Why did this happen? Firstly, no specific environmental exposure, with the possible exception of vaccines given at the time of deployment, has been associated with the development of these symptom complexes. Secondly, since the Gulf war several authors have looked retrospectively at the health consequences of other UK or US wars. After nearly every such conflict, a substantial number of veterans develop chronic symptoms similar to those seen after the Gulf war. These syndromes are typically given different names and attributions (such as "shell shock," "soldier's heart") after each conflict.9 This recurring occurrence implies that there is a low likelihood that an exposure unique to the Gulf war was largely responsible for the excess symptoms seen in these veterans.

Thirdly, similar chronic symptoms are seen after catastrophic events other than war, such as terrorist attacks and natural or industrial disasters. Chronic somatic symptoms seem to be common sequelae when these catastrophic events last for a prolonged period or are accompanied by long term worry or fear.10

Fourthly, in the general population exposure to different types of "stress" can also lead to the development of these same symptom complexes. Examples of acknowledged triggers of fibromyalgia, chronic fatigue syndrome, or irritable bowel syndrome include certain types of infections, physical trauma, drugs, and emotional stress.

What are the lessons for practising clinicians? Together the data indicate that the excess morbidity seen in association with Gulf war deployment had little to do with any specific environmental exposure. War is incredibly stressful, and when most individuals are exposed to stressors such as physical or emotional trauma, infections, or other types of immune stimulation, drugs, or chemicals they develop somatic symptoms. Usually these symptoms improve after the stressor passes. But in some people these symptoms become chronic and, once established, are typically functionally disabling and in many cases refractory to treatment.

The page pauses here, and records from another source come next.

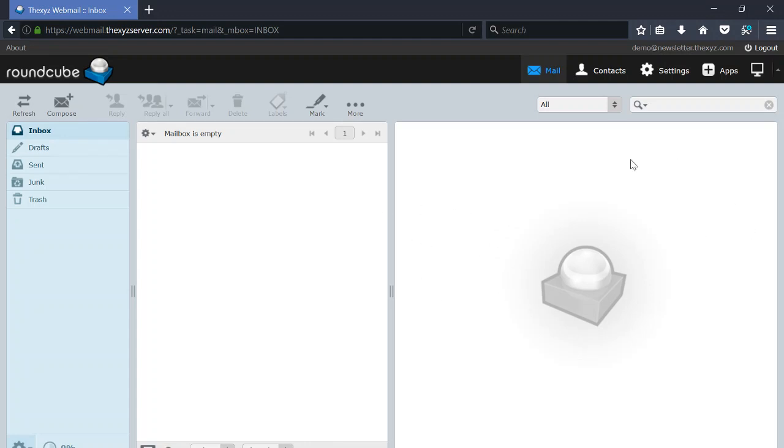The Roundcube web interface has a few different skins you can use to change the layout and the look of Roundcube.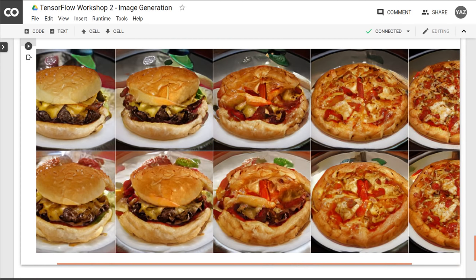Things get a bit funky when we combine image categories. I present to you the pizza burger. Would you eat it? That doesn't look so bad. I'm sure there could be stranger combinations. Play around with the image categories a bit. If you post any images on Twitter, mention me so I can have a look.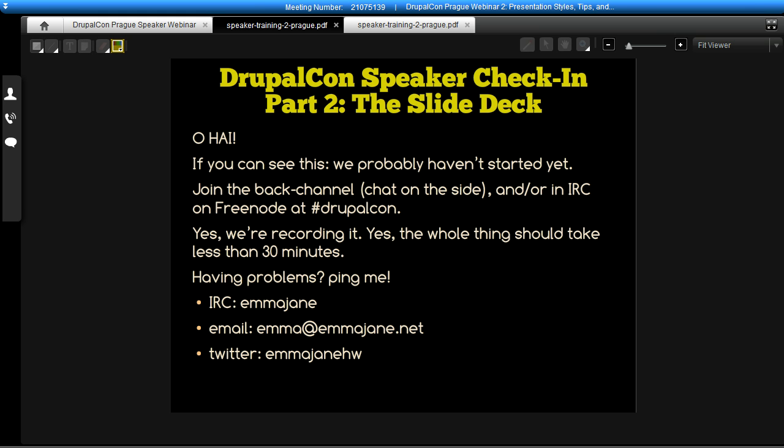Hello everyone, welcome to the second speaker check-in, thanks for coming today. In the chat window you'll see some text and questions scroll past, and also over in #drupalcon on Freenode IRC, that would be the place to ask questions. Everyone should be muted by default, because folks often have background noise — lawnmowers, dogs barking, cafeteria — so I've tried to mute everyone as they come in.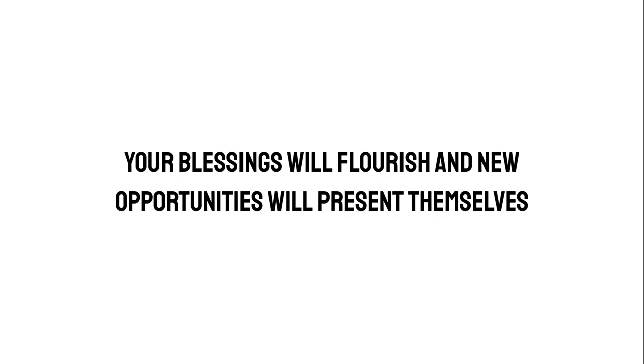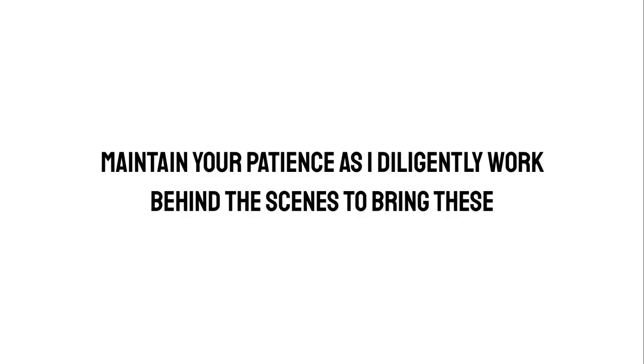As you move forward, your blessings will flourish and new opportunities will present themselves. Maintain your patience as I diligently work behind the scenes to bring these transformations to life.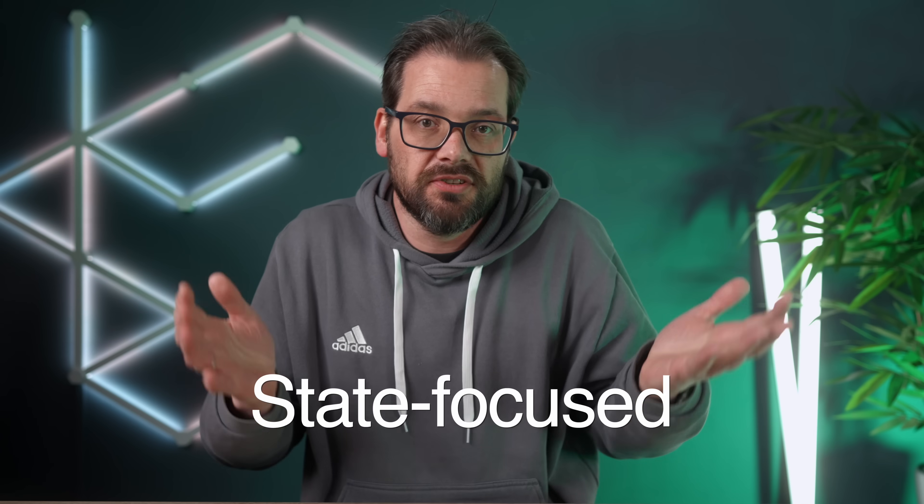So how do you decide when to use which? Well, use functions when your code is action focused and use classes when your code is state focused. Thanks for watching and see you next time. Okay. Maybe I should actually explain what that means.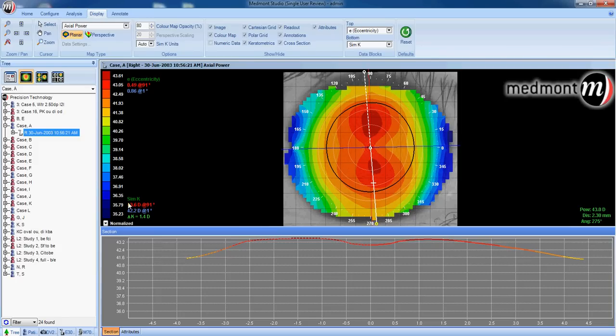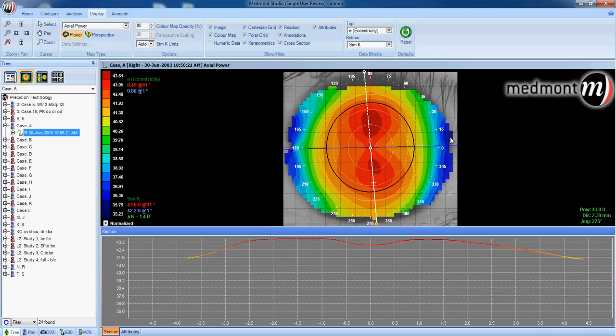Next, we can look at the scale range along the left-hand side. Notice the topographer is showing us the flattest it can read is 35.23 diopters here.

These chronic somatic symptoms and syndromes are common in routine clinical practice, so much so that most visits to primary care are for these problems. Research into some of the better studied conditions—for example, fibromyalgia, chronic fatigue, and irritable bowel syndrome—has provided insights into underlying mechanisms and appropriate treatments. For example, a hallmark of these syndromes is "central" pain, in which pain (whether it be myalgia, arthralgia, or visceral pain or discomfort) is not due to damage or inflammation of peripheral tissues, but to an underlying disturbance in the central processing of pain that can be quantified objectively by using newer functional imaging techniques.11 (Such findings also call into question some groups' interpretation of abnormal functional imaging results in Gulf war veterans as indicative of neural "damage."12) Because the pain in these conditions is not due to damage or inflammation of peripheral tissues, these conditions respond poorly to non-steroidal anti-inflammatory drugs or opioids and instead are more responsive to low night time doses of tricyclic compounds or other centrally acting analgesics. In addition, treatments such as aerobic exercise and cognitive behavioural therapy have been found to be useful.

Make no mistake: ill Gulf war veterans have a very real illness. It is not likely to get better without specific interventions. But we don't serve these or other veterans well by focusing inordinate attention on the specific exposure(s) that may have been responsible for some rare cases of illness. As patients, they deserve far better: the medical and scientific communities need to stop belittling and trivialising them and their illnesses, as well as individuals in the general population who have the same symptom complexes.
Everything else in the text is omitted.